=== Description of the task ===
The listing below holds a line with "Hot Sale High" and a later line with "donne asiatiche agronomi". Write out those two lines and every line between them, exactly, and nothing else.

=== Record extracts ===
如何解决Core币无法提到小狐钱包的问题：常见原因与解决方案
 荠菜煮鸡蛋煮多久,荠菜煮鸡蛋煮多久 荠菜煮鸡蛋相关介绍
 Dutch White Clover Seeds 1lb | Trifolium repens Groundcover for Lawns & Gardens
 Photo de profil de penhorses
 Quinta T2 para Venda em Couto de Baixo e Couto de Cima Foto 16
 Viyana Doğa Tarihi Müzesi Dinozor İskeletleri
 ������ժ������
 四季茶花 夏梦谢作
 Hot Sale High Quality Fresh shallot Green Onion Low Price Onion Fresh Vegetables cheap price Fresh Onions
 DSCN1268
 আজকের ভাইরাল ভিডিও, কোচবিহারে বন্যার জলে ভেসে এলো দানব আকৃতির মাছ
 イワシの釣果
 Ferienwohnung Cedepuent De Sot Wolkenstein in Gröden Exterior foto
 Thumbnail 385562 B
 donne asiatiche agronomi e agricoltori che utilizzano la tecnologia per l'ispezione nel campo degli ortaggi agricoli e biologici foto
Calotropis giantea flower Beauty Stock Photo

=== Problem solution ===
 Hot Sale High Quality Fresh shallot Green Onion Low Price Onion Fresh Vegetables cheap price Fresh Onions
 DSCN1268
 আজকের ভাইরাল ভিডিও, কোচবিহারে বন্যার জলে ভেসে এলো দানব আকৃতির মাছ
 イワシの釣果
 Ferienwohnung Cedepuent De Sot Wolkenstein in Gröden Exterior foto
 Thumbnail 385562 B
 donne asiatiche agronomi e agricoltori che utilizzano la tecnologia per l'ispezione nel campo degli ortaggi agricoli e biologici foto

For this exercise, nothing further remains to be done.